Iterate Collaboratively
Work with Claude to capture successful approaches and common mistakes into reusable skill components. Ask Claude to self-reflect on what contextual information actually matters.
Write for AI Consumption
Use clear, imperative language that Claude can follow:
✅ Good:
- "Follow the Conventional Commits specification"
- "Use descriptive branch names with type prefixes"
- "Run tests before committing"
❌ Avoid:
- "You should try to use descriptive names when possible"
- "It might be good to run tests"
- "Consider following best practices"
Include concrete examples wherever possible to illustrate patterns and approaches.
Security Considerations
Install skills only from trusted sources.
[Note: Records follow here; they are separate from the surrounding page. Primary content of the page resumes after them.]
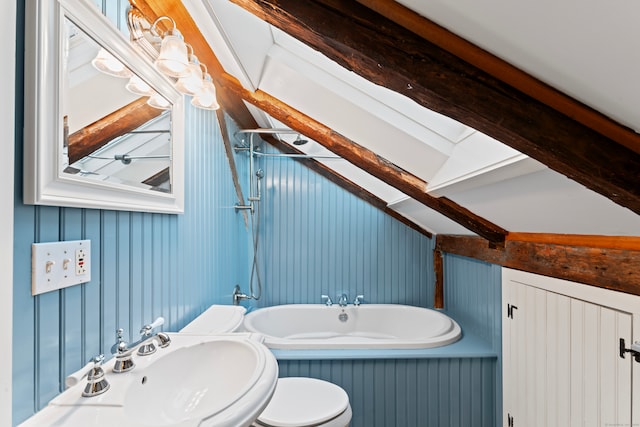 bathroom with toilet, a bath, and sink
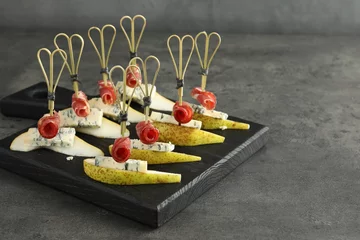 Outdoor kussens Tasty canapes with pears, blue cheese and prosciutto on grey table, closeup. Space for text © New Africa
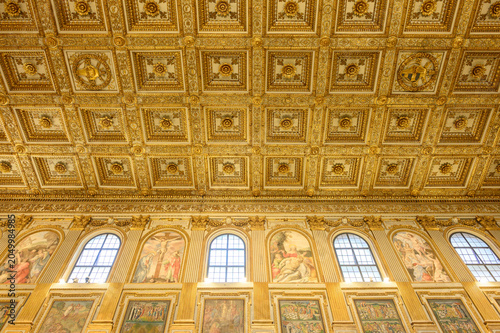 Santa Maria Maggiore basilica central nave interior view, Rome Italy. Golden coffered ceiling ancient columns and mosaics landmark perspective
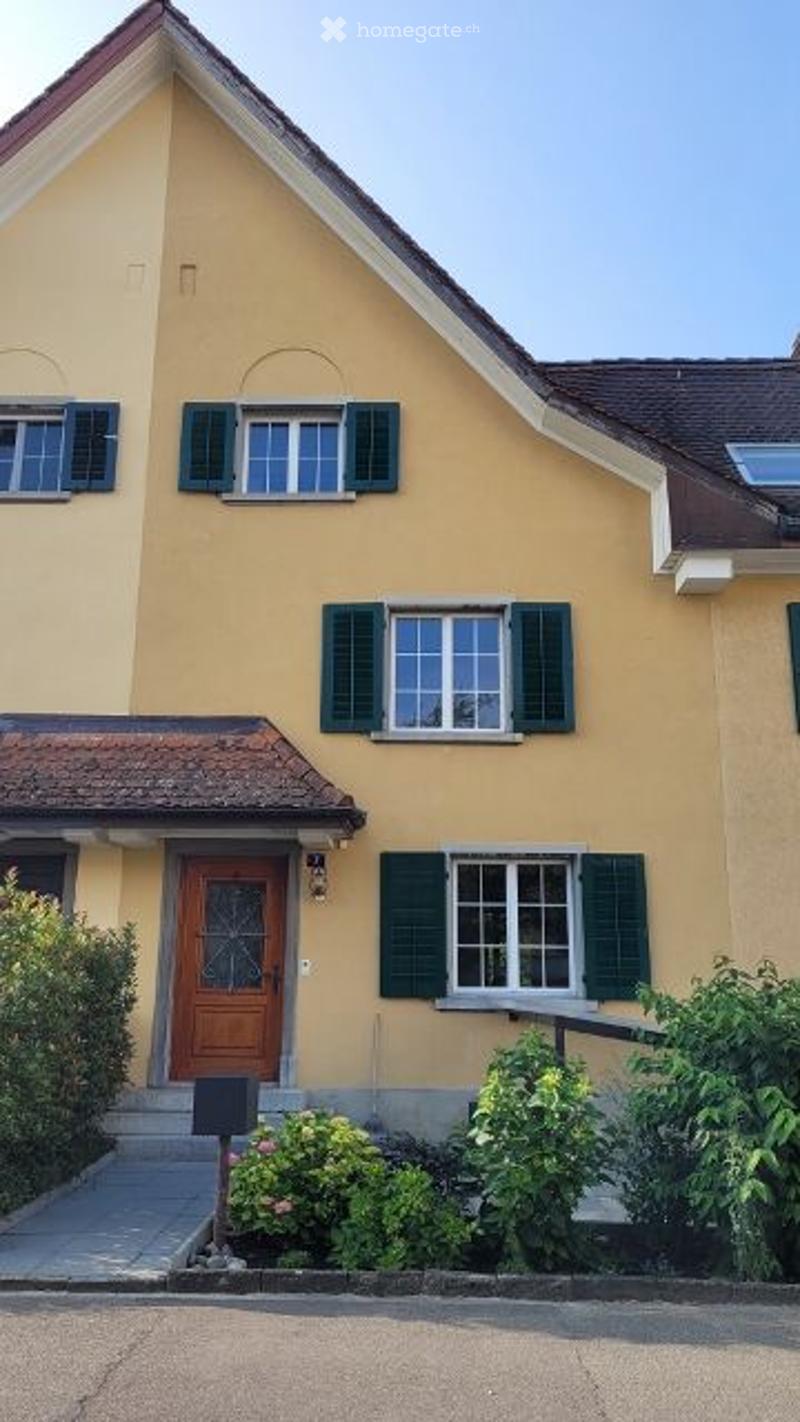 Two-story yellow house with green shutters, wooden front door, and small garden area.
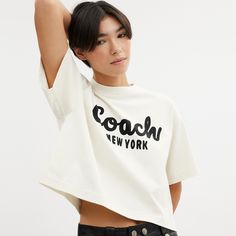 Detailed with our cursive Coach script this cropped T-shirt is crafted of soft cotton. The boxy silhouette features a comfortable easy to wear dropped shoulder. | Coach Cursive Signature Cropped T-Shirt - Women's Size Small - Cream Cropped Cotton T-shirt With Logo Print, Cotton Cropped T-shirt With Logo Print, Boxy Cotton Cropped Shirt Trendy Style, Logo Print Cropped T-shirt For Spring, Cropped Logo Print T-shirt For Spring, Spring Cropped T-shirt With Logo Print, Oversized Short Sleeve Cropped T-shirt In Trendy Style, Oversized Cropped T-shirt With Short Sleeves In Trendy Style, Graphic Cropped T-shirt With Logo Print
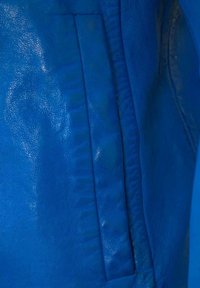 Blaue Lederjacke mit glatter Textur, vertikalen Nähten und einer Seitentasche. Die Farbe ist lebhaft und einheitlich mit einem eleganten Finish.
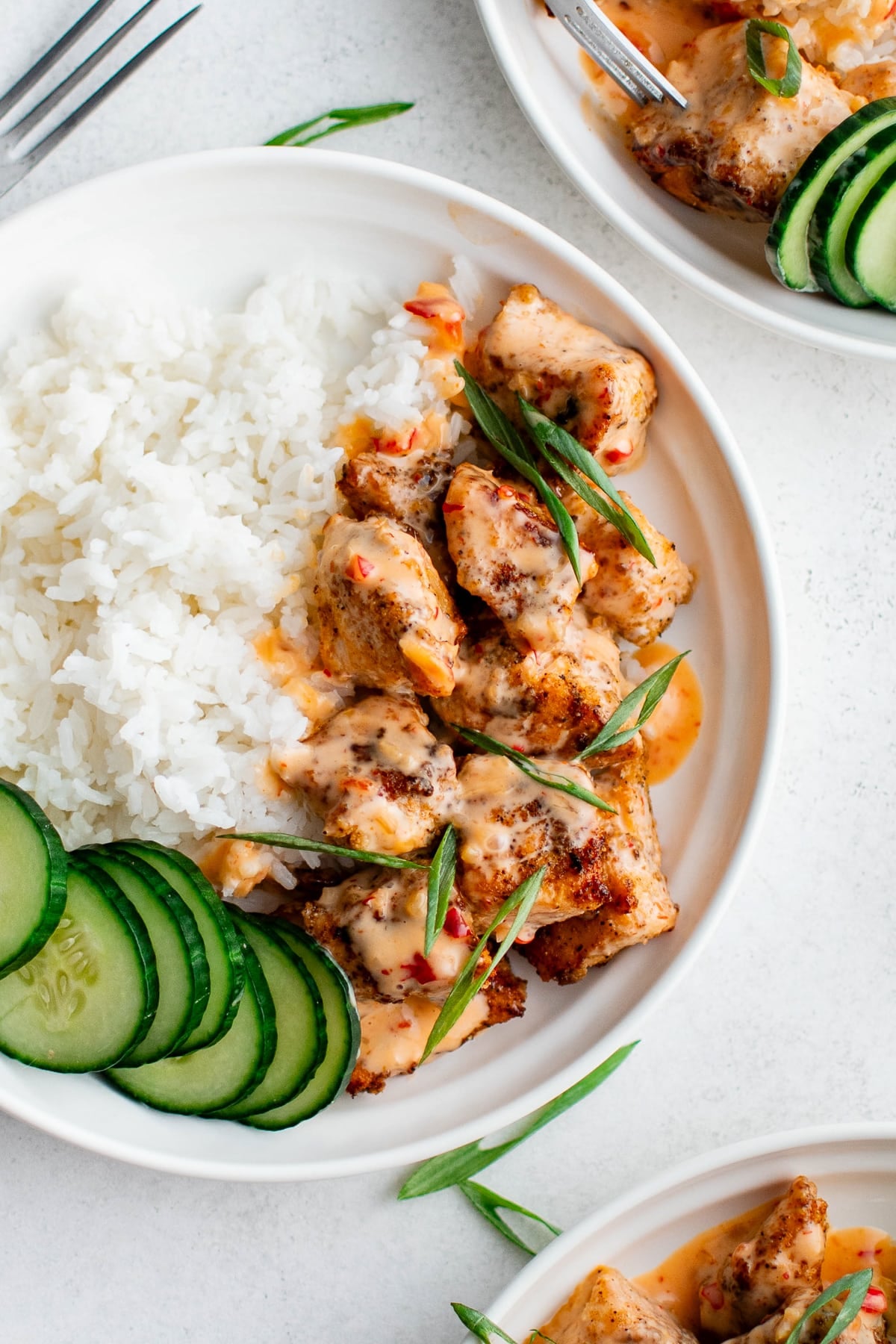 Overhead photo of a white bowl with fluffy white rice, Bang Bang salmon bites drizzled with creamy sauce, sliced green onions, and sliced cucumber rounds on the side, set on a light gray surface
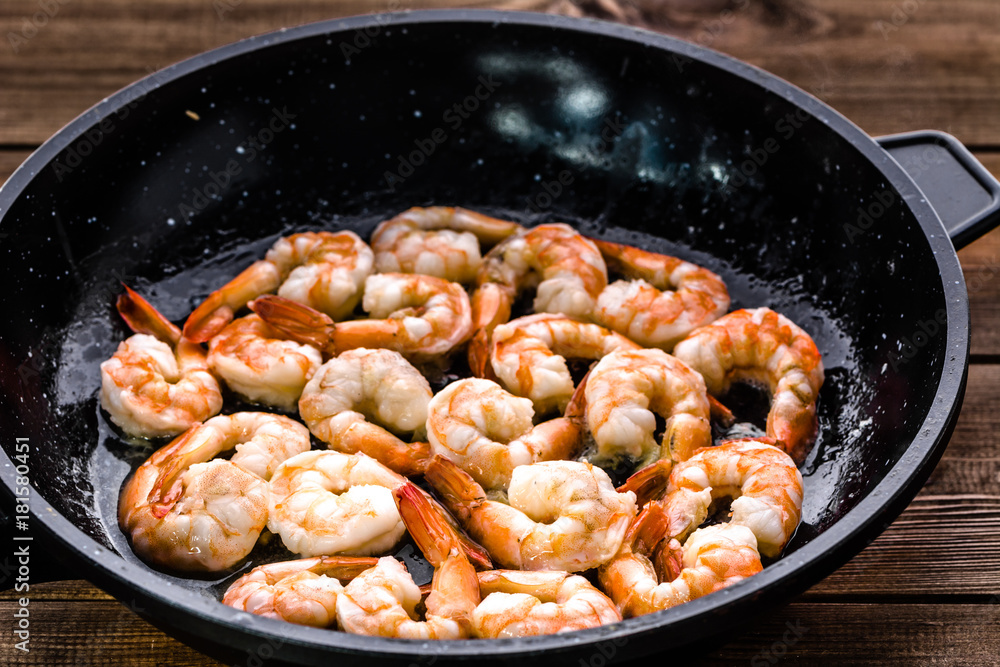 Fried shrimp with garlic on pan, preparing dish with seafood, mediterranean cuisine concept Fried shrimp with garlic on pan, preparing dish with seafood, mediterranean cuisine concept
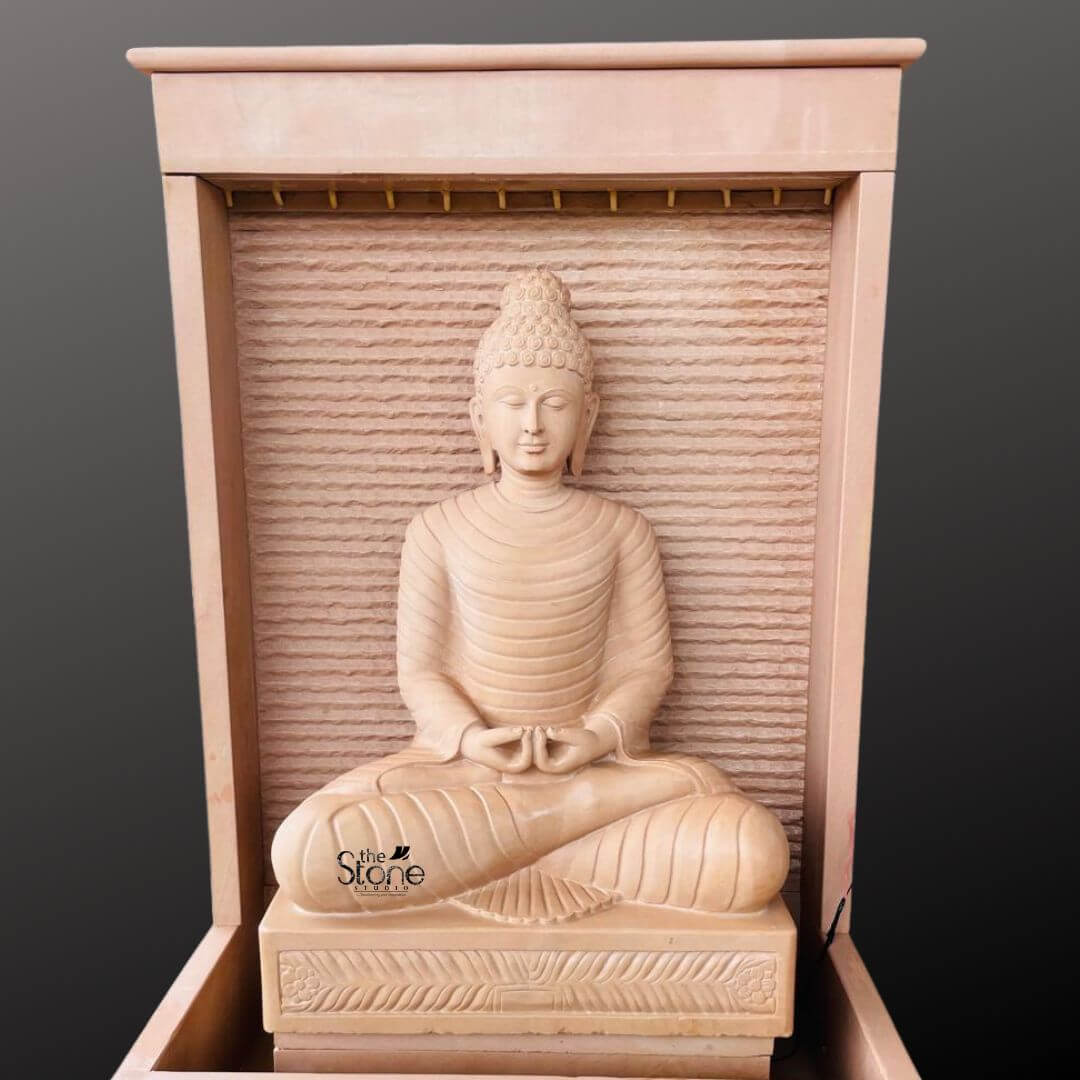 Outdoor Buddha Stone Water Fountain 4.5ft 9 A magnificent hand-carved four-and-a-half-foot tall Seated Buddha Fountain in Off White Sandstone sits as the serene centerpiece of a water feature presented against a dark grey background. The entire fountain structure including the statue is crafted from beautiful light beige-to-grey sandstone exhibiting a natural textured porous surface that enhances its organic earthy feel. The Buddha is depicted in a traditional seated meditative pose on a raised lotus pedestal with legs crossed in a full lotus position and hands resting in the lap in the dhyana mudra of deep contemplation. His facial expression is calm and compassionate with downcast eyes a gentle smile and tightly curled hair leading to a cranial ushnisha all rendered with exquisite craftsmanship and flowing yet subtle carved folds of his monastic robes. The statue is enclosed within a monolithic frame-like sandstone structure creating a stunning wall-fountain design. Water is subtly distributed to flow like a gentle curtain down the textured horizontally-ribbed back panel directly behind the Buddha pooling into the large monolithic rectangular basin at the base. The sound of the cascading water adds a tranquil multi-sensory dimension to the visual stillness of the statue creating a peaceful and meditative atmosphere. The warm, earthy hue of the sandstone contrasts beautifully with the cool dark background making the statue pop and highlighting its intricate details and substantial presence which commands attention as a piece of sacred art. This four-and-a-half-foot Buddha Fountain Off White Sandstone Statue is an ideal illustration for an article discussing Seated Buddha Fountain in Off White Sandstone demonstrating how such a piece can transform an indoor or outdoor space into a peaceful sanctuary. Its large scale ensures it becomes a commanding focal point while the durable sandstone construction makes it suitable for enduring outdoor elements as a long-lasting garden or patio ornament. The combination of traditional sacred art with the gentle movement of water embodies a sense of harmony and spirituality perfect for creating a dedicated space for meditation eflection and aesthetic appreciation in any living area. The detailed carving and harmonious integration of elements highlight its value as both a decorative and a meaningful addition to a modern landscape.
When evaluating unfamiliar skills:
- Thoroughly audit bundled files and scripts
- Review code dependencies
- Examine instructions directing Claude to connect with external services
- Verify the skill doesn't request sensitive information or dangerous operations
Anti-Fabrication Requirements
All skills MUST adhere to strict anti-fabrication requirements to ensure factual, measurable content.
Core Principles
- Base all outputs on actual analysis of real data using tool execution
- Execute Read, Glob, Bash, or other validation tools before making claims
- Mark uncertain information as "requires analysis", "needs validation", or "requires investigation"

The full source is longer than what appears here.